No, non lo è, posso avvitare una vite solo con il cacciavite ma non per questo la mia vita dipende dal cacciavite, voglio dire che se per dimostrare una certa cosa devo usarne un’altra in fondo non è che ho fatto un granché, la questione costrittiva, quella potente che noi abbiamo inventata è utilizzare il linguaggio come criterio per la costruzione di ogni possibile criterio di verità, è questa la questione potente su cui tutto si regge, e a questo punto diventa molto arduo mettere in discussione una cosa del genere perché per costruire qualunque criterio avrò bisogno del linguaggio per un criterio di verità, necessariamente, ma per essere sicuri che un criterio è vero come si fa se non mettendo a fondamento l’unica cosa che è in condizione non solo di costruirli ma di stabilire qualunque criterio, a questo punto la sua prova è inattaccabile. È chiaro che Cesare non può fare nevicare, perché Cesare come ciascuno si attiene a un gioco particolare, anzi a moltissimi giochi, uno di questi è quello grosso modo definito dal discorso scientifico al quale ci si attiene nella vita quotidiana e per cui si evita di fare cadere un orologio ché si spacca. Come so che si spaccherà? Ci sono buoni motivi per pensarlo ma soprattutto sono all’interno di un gioco che si potrebbe riassumerlo all’interno di un gioco più ampio che è quello che consente di vivere all’interno di un certo sistema, e del quale gioco conosco le regole, nel quale gioco sono stato cresciuto, nel quale vivo e del quale devo conoscere le regole, perché vivo all’interno di un sistema che è fatto così e non posso non conoscerle, e quindi all’interno di questo gioco se io accetto certe condizioni, una di queste è che io non ho la capacità né le condizioni per fare in modo che in questo istante nevichi, e se io accetto tutto questo allora io non posso fare nevicare, se io accetto che la neve sia quella certa cosa, chimicamente fatta in un certo modo, che risponde a certi requisiti. Ma tutto questo come abbiamo detto moltissime volte non è qualcosa di naturale, è un gioco, un gioco vincolato a delle regole, se io le accetto allora gioco questo gioco, se non le accetto no, però non accettare il gioco che fanno tutti significa trovarsi nelle condizioni, così come è strutturato ormai il discorso occidentale, di non potere neanche sopravvivere e quindi a questo punto dovrei abbandonare l’idea di giocare la vita, cioè cessare di essere interessato a questo…

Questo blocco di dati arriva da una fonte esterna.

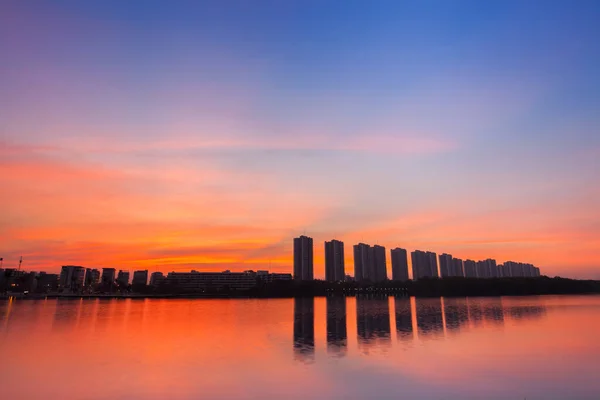 Bir apartman dairesi, gün batımında renkli gökyüzünün altındaki suyun yansımasıdır. Arina Bangkok Tayland 'a çarpma zamanı.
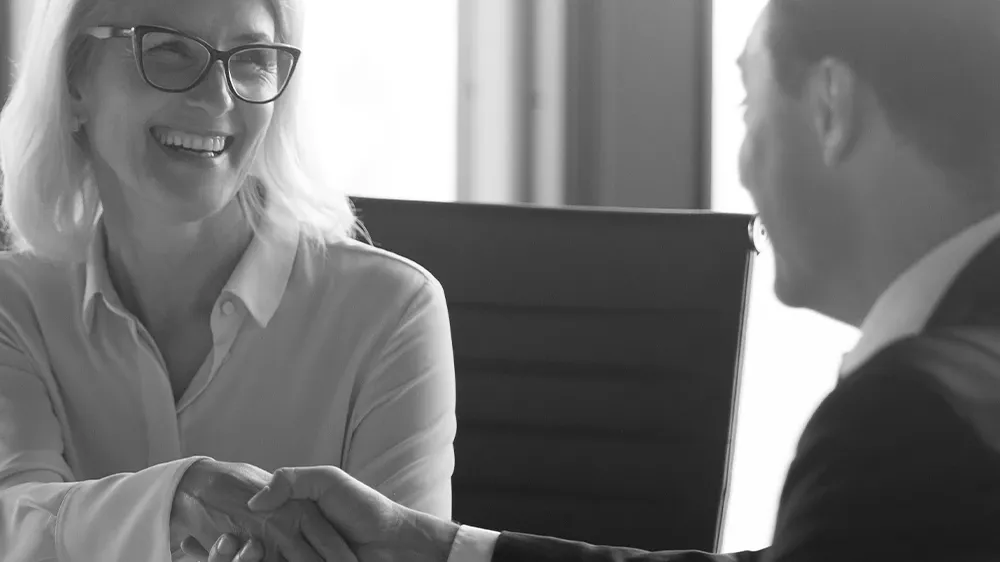 Smiling woman in glasses shaking hands with a man in an office setting.
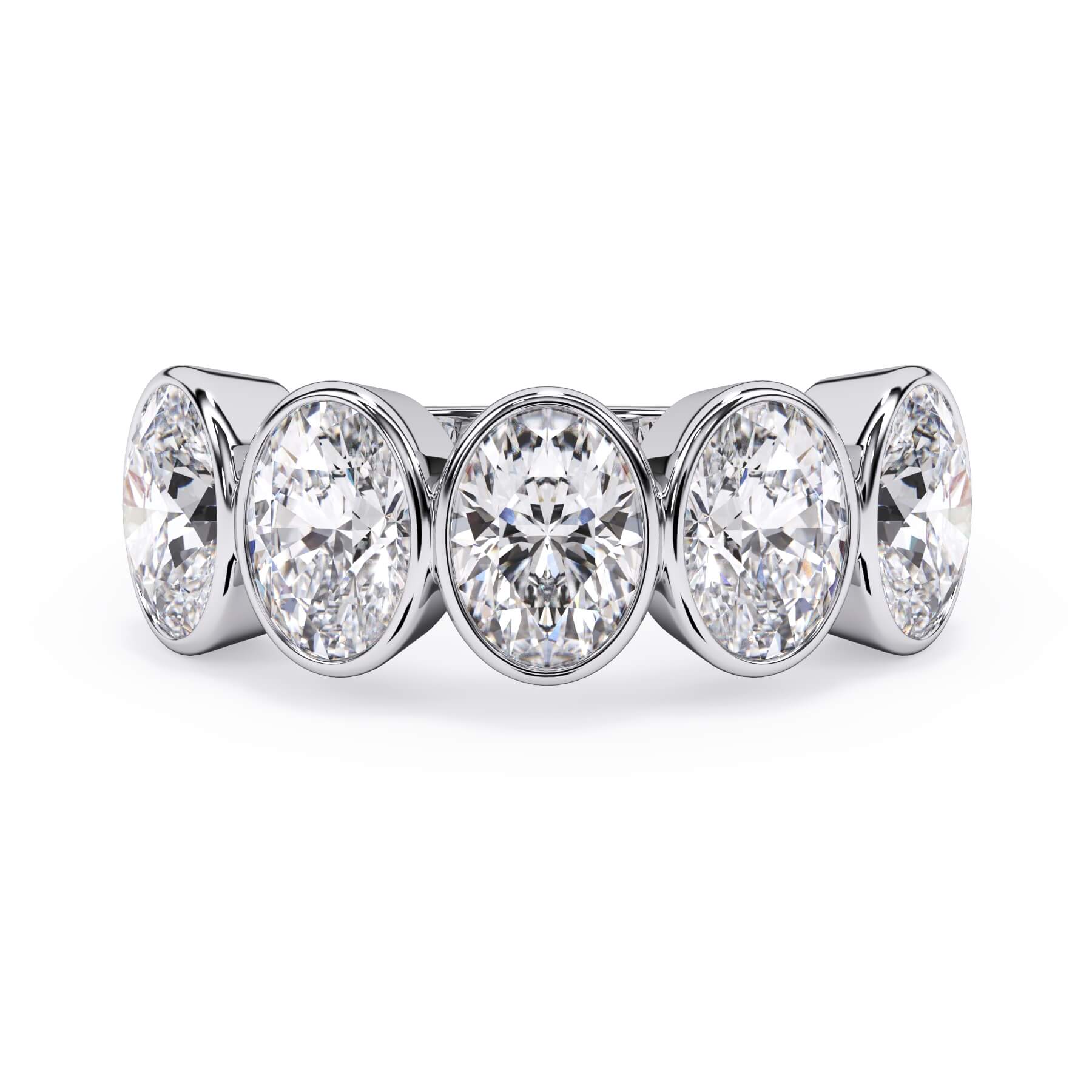 A picture of a five stone diamond wedding ring with oval shape diamonds that are bezel set in white gold or platinum on a white background with the ring facing forward, lying down.
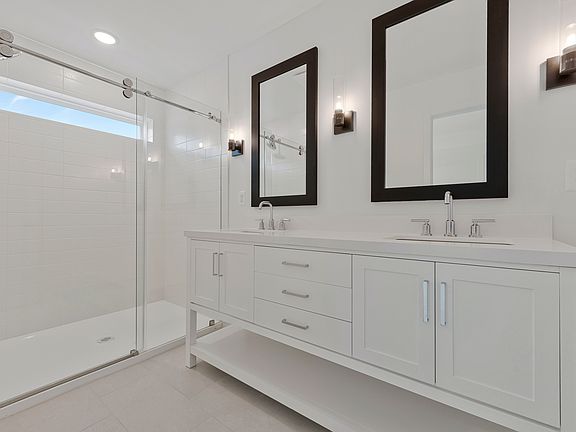 Primary bath featuring freestanding vanity with dual sinks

Intervento: non so se non lo posso accettare al momento in cui parlo…

Ciascuno decide di vivere in ciascun istante, accettando questo gioco ne accetta le regole, se vuole giocarlo, e una di queste è respirare, per esempio, ogni tre, quattro secondi non so quanto, se non accetta, se si rifiuta di accettare queste regole non fa più quel gioco, esattamente come uno che non accetta che un asso batte due Jack non può giocare a poker anche se magari la posta in gioco può apparire più alta ma è soltanto questione di valori stabiliti attraverso codificazioni varie e comunque altre regole.

Intervento:…

È ovvio che per fare un altro gioco ho bisogno del linguaggio, non è di questo che stavo parlando, io posso cessare di giocare il gioco che si chiama vivere, posso farlo…

Intervento: eravamo partiti dal gioco della neve, del vaso che mi cade in testa è ovvio che poi ad un certo momento arrivo a quello, però per arrivare a quello ci va una decisione e quindi anche per prendere questa decisione devo deciderlo e quindi respingere delle regole…

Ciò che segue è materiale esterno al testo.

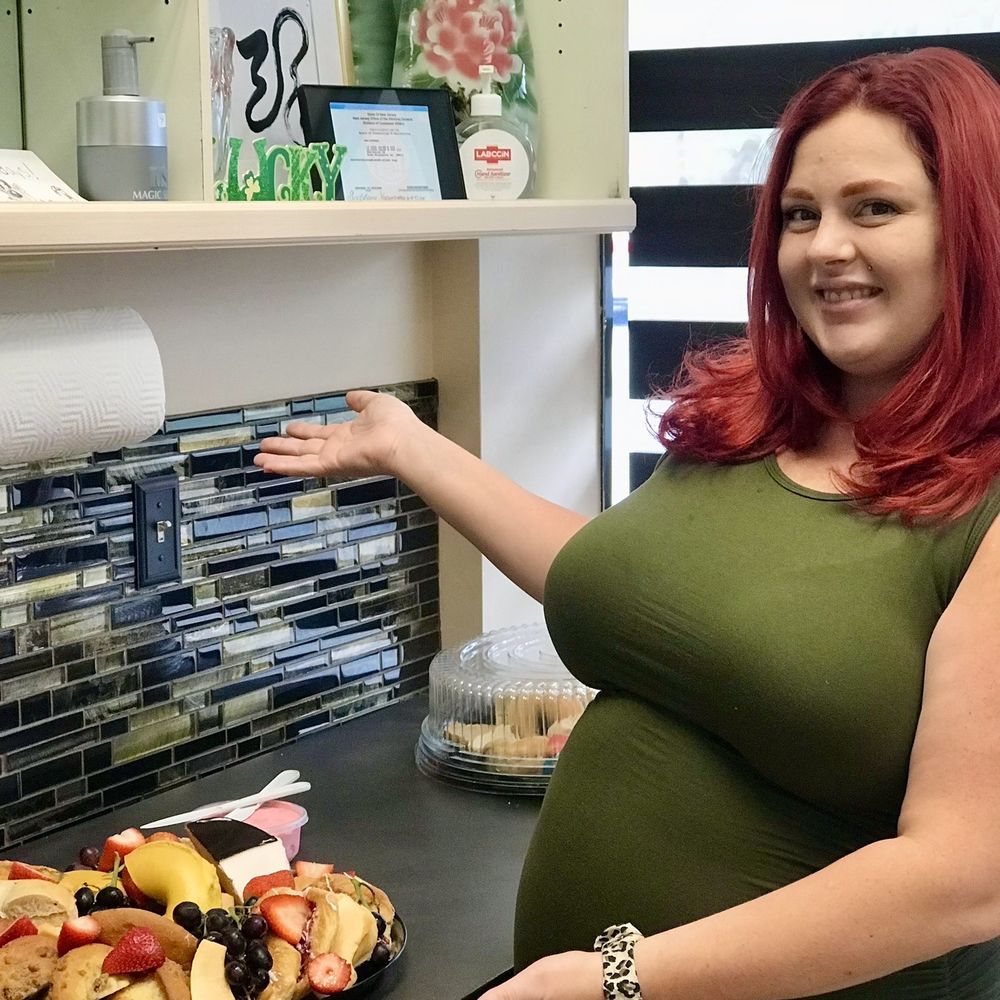 a pregnant woman in a kitchen a pregnant woman in a kitchen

Non ho detto che si esce dal linguaggio…

Intervento: nel momento in cui si avvia il linguaggio e quindi nel momento stesso in cui un bambino comincia a dire le prime parole si installa comunque allo stesso tempo quel gioco che prevede comunque che possa nevicare, che la neve sia una certa cosa ecc. che sarà certamente questione di apprendimento ma è un apprendimento che può avvenire appunto perché esiste un gioco, un discorso che si è instaurato all’avvio del linguaggio… all’avvio del linguaggio qualcosa comunque prende una direzione… allo stesso momento in cui si avvia il linguaggio si avvia un discorso che prevede tutta una serie di cose che prevede anche quella della neve… il fatto stesso che si sia avviato il linguaggio ha instaurato questo gioco che prepara l’apprendimento per tutto il resto…

È un gioco che ha un nome, generalmente che si chiama realtà, si chiama così comunemente.